Research:Deleted Pages Analysis
| Deleted Pages Analysis | |
|---|---|
| main contact | Heather Ford |
| co-investigators | Mark Graham |
| WMF contact | Dario Taraborelli |
| start | 2012-01 |
| end | 2012-12 |
| status | planned |
| fields | geography ethnography political science |
| open data | |
| open access | |
| WMF support | |
Contents |
[edit] Key Personnel
- Heather Ford
- Mark Graham
[edit] Project Summary
The ideal that commentators project about Wikipedia is of a unified group of rational, detached, individual editors building a neutral, free encyclopaedia that is “the sum of all human knowledge”. But the organic nature of the encyclopaedia, its culture, politics and architecture have produced and continue to produce an encyclopaedia in which particular tactics, identities and relationships, many of which are in defiance of original rules, often prevail over reasoned and rational dialogue. Wikipedia still has a number of “dark spots”: from uneven geographies of articles written about places (Graham, 2011), to low numbers of female contributors (Lam et al, 2011) and vastly different levels of quality (Duguid, 2006).
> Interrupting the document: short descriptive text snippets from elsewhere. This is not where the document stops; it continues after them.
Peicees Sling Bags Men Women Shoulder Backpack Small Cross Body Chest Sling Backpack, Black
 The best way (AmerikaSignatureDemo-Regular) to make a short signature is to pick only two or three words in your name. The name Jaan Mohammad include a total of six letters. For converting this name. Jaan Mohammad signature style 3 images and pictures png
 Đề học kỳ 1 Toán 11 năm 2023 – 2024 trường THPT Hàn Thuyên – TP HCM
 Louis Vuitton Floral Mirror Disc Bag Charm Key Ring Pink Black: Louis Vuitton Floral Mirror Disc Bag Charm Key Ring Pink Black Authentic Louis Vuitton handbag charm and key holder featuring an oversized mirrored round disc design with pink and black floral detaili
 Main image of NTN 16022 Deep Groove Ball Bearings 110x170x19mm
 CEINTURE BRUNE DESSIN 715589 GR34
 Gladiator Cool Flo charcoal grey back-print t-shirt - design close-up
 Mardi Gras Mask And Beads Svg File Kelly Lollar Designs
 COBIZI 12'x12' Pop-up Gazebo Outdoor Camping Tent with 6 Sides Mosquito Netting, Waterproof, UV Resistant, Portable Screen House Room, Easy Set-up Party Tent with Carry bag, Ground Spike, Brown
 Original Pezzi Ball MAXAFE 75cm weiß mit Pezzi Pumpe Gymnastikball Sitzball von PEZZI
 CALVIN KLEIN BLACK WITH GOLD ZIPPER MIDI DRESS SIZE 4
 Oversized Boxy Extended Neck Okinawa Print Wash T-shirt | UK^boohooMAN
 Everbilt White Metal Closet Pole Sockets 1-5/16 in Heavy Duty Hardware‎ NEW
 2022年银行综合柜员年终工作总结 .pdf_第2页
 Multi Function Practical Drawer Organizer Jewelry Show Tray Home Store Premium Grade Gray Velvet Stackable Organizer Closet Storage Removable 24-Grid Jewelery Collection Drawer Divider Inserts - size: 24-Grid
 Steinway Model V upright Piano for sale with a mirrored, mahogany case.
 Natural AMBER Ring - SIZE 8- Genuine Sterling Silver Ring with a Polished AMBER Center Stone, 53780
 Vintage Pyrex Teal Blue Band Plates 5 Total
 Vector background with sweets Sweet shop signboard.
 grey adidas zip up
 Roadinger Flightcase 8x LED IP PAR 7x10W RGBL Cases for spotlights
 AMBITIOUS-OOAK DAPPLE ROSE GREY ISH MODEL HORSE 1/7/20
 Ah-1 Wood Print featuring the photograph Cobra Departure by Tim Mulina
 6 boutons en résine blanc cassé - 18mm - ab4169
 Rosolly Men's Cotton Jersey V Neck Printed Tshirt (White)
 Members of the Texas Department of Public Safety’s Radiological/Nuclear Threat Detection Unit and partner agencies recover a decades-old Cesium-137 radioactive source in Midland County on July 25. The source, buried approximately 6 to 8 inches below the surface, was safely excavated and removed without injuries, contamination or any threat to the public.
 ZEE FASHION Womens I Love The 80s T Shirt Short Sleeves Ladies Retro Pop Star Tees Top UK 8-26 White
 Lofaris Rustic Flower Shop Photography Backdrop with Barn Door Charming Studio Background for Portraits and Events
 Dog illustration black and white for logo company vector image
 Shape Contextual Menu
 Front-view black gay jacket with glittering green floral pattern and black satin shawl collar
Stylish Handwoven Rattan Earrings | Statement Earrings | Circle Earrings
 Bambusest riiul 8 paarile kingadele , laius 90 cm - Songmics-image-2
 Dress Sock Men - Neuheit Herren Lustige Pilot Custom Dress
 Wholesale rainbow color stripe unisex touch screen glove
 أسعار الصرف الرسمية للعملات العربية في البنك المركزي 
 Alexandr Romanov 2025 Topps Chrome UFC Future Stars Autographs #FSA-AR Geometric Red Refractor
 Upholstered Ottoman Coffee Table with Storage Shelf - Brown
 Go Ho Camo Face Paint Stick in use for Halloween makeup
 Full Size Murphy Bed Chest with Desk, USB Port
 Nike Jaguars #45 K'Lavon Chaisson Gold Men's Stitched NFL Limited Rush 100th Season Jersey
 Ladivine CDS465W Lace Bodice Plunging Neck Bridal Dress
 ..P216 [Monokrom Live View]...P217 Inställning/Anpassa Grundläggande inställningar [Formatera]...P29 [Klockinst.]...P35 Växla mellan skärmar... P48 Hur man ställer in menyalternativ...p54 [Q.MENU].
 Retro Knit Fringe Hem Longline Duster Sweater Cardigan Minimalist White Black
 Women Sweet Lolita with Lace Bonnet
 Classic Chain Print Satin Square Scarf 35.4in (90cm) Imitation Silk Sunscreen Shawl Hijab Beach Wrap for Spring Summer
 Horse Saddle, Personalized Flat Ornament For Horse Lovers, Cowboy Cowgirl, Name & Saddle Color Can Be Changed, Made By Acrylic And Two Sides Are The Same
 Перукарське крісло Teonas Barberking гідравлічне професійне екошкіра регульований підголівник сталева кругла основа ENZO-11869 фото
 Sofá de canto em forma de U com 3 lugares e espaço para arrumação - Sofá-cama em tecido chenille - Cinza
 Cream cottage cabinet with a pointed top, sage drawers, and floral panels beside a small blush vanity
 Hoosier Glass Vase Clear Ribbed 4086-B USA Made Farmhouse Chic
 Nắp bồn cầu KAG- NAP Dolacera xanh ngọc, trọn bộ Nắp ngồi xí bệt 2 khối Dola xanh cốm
But there are other dark spots too – spots within the encyclopaedia itself: knowledges that are silenced, perspectives that are marginalised and people that are banned.
Who wins and who loses in this open environment? How do culture, politics, regulations, architecture and identity influence who wins or loses? And what does this mean for the way we think about online collaboration, its power and pitfalls? In the first stage of this project, we will conduct an analysis of AFDs and CSDs relating to places to discover whether information about specific places is being consistently silenced or not.
[edit] Methods
We will analyse AFD discussions and deleted pages and grab metadata relating to places and then plot them on a world map
[edit] Dissemination
We will share our findings under a Creative Commons license.
[edit] Wikimedia Policies, Ethics, and Human Subjects Protection
[edit] Benefits for the Wikimedia community
This will be helpful for understanding whether there are any geographic patterns relating to articles that are deleted in either of Wikipedia's deletion processes.